When some anime first appear on television, parts of the actual animation might not be quite up to snuff. Fans notice this and even complain. This was certainly true of Gonna be the Twin-tail!!
Last December on 2ch, Japan’s largest net forum, two images from the TV broadcast were pointed out as being especially clumsy and bad. “Terrible,” wrote one commenter. “This is like something I could do,” wrote another.
In particular, this image:
And this one:
But as Twitter user Arutosu note, the home release (see below) fixes these images to the point where some people online are saying this is like a completely different anime. I don’t agree with that, but the tweaked art does look better, especially for the character Erina Shindo.
Here, via Arutosu, is a comparison:
TV Version
DVD Version
TV
DVD
As any anime fan will be quick to point out, this sort of thing isn’t new (examples here and here) and helps ensure diehard fans buy the DVDs and Blu-rays. I am glad stuff gets fixed for the home release, but it makes you wish animators had a little more time to get everything just so for the original broadcast. But with their gruelling schedules and paltry pay, that might not be possible.
Comments
6 responses to “After TV Anime Shamed Online, Bad Parts Get Fixed”
The red head doesn’t look bad in TV but the face on Blondie is just pathetically sloppy.
The blonde TV one looks like one of the human characters from the 80s Transformers G1 cartoon and that’s saying something.
This was just a bad anime from the get go. Guy has pig tail fetish gains powers to turn into a girl with pig tails? Yeah no thanks. Couldn’t be stuffed giving it the two ep benefit of doubt.
I dunno, I found the sheer insanity of the premise gave it legs.
Not so much a matter of suspending disbelief, as of tying rocks to its ankles and tossing it into an oceanic trench.
They certainly didn’t spend any effort on making it easier to believe in later episodes. Think of it as the “Attack of the Killer Tomatoes” of anime…
Anyway, of these two shots the redhead one looks mostly OK to my eye – the main problem being the detailing on the costume. The yellow-haired example is simply horrible, however. I can see the person who animated that frame being respectfully declined opportunities to participate in future anime…
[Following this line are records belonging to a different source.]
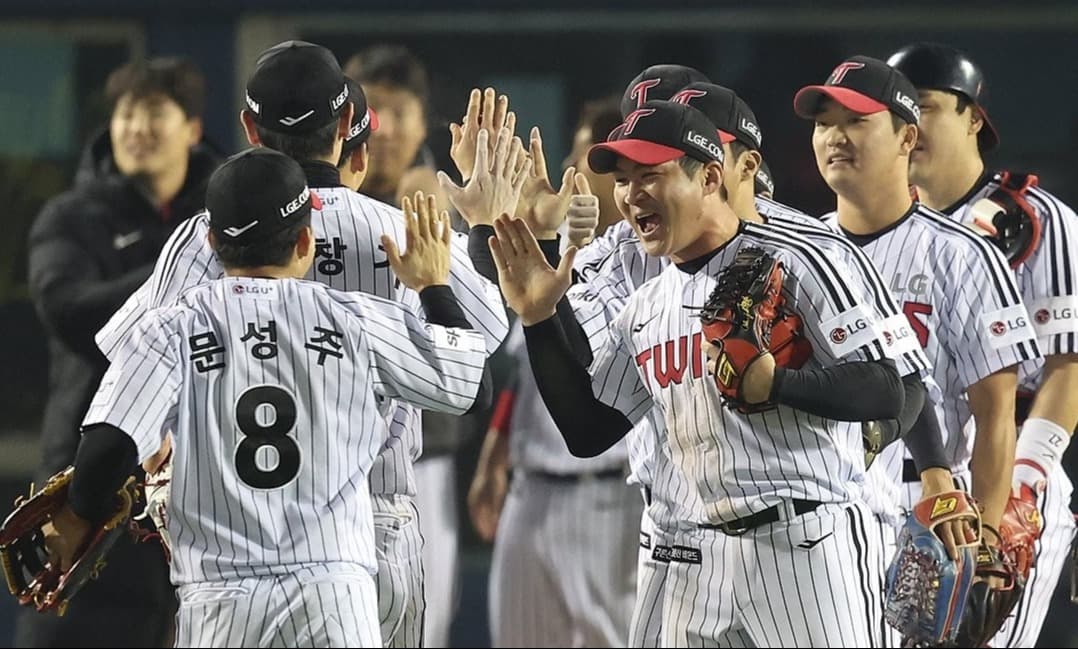 KBO News: Twins Clinch Pennant; Dinos Making Late-Season Playoff Push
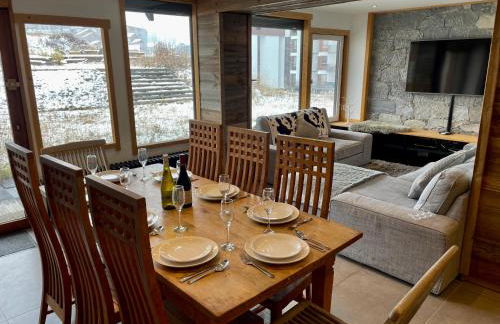 Ski in-Ski out! Spacious & Stylish Apartment for 8 in the heart of Lavachet - Foto 12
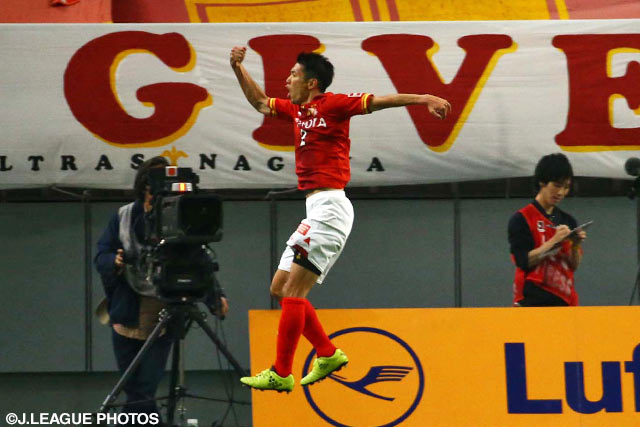 竹内 彬がCKを頭で押し込み再びリードを奪った名古屋【明治安田Ｊ１ 1st 第13節 名古屋vs鹿島】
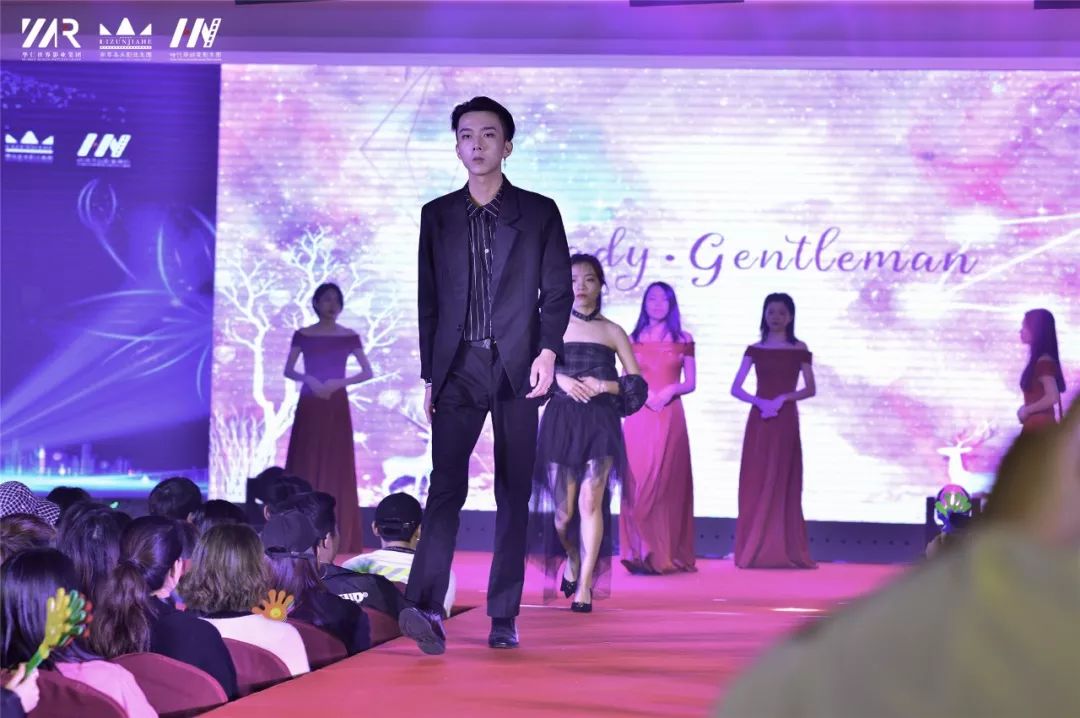 “筑梦华娱,致远未来”时代华娱第十一月总结大会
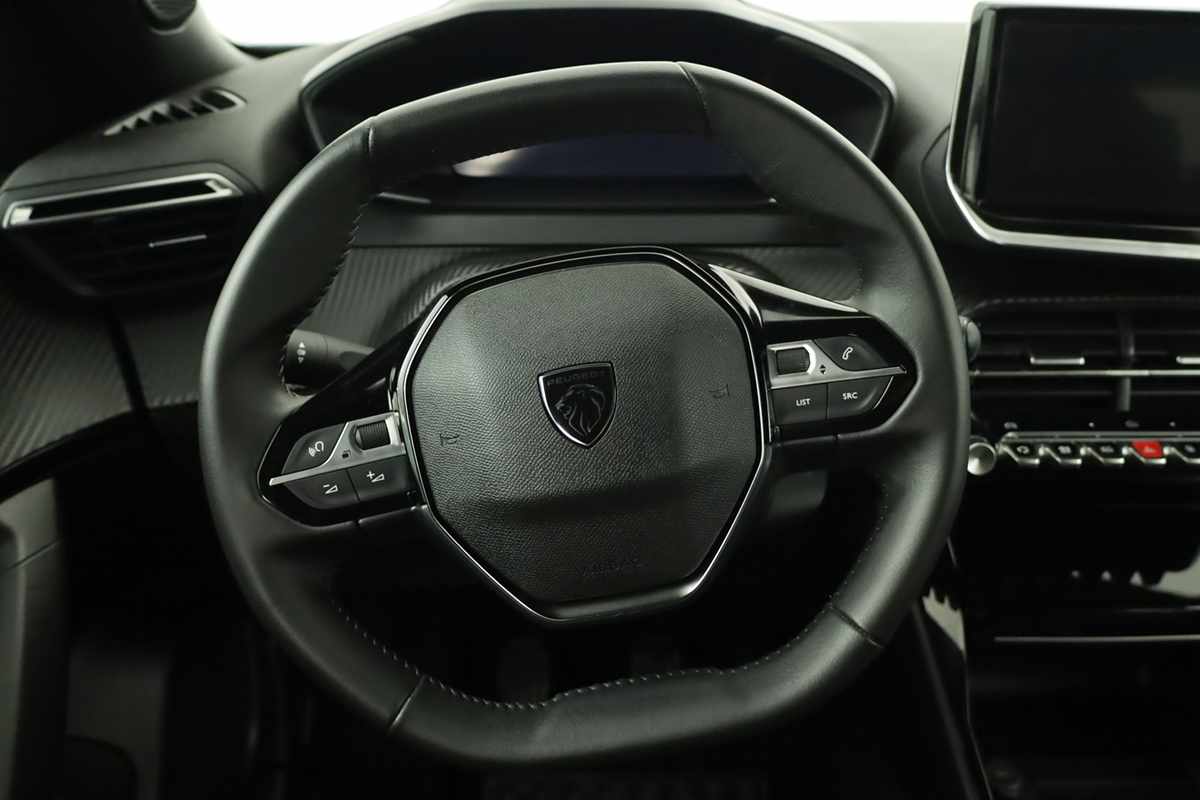 peugeot-2008-2025-gasolina-1199cc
You can always pick random frames during motion sequences that will look bad / distorted. Sometimes it’s a deliberate choice to accentuate movement or speed or momentum.
Sometimes it’s just low budget though I guess
This happens ALL the time. In fact almost every single BD release of anime goes back to improve the worst frames of their (necessarily) hastily drawn in-between when racing towards a weekly TV-deadline.
This is as newsworthy as reporting that water wets.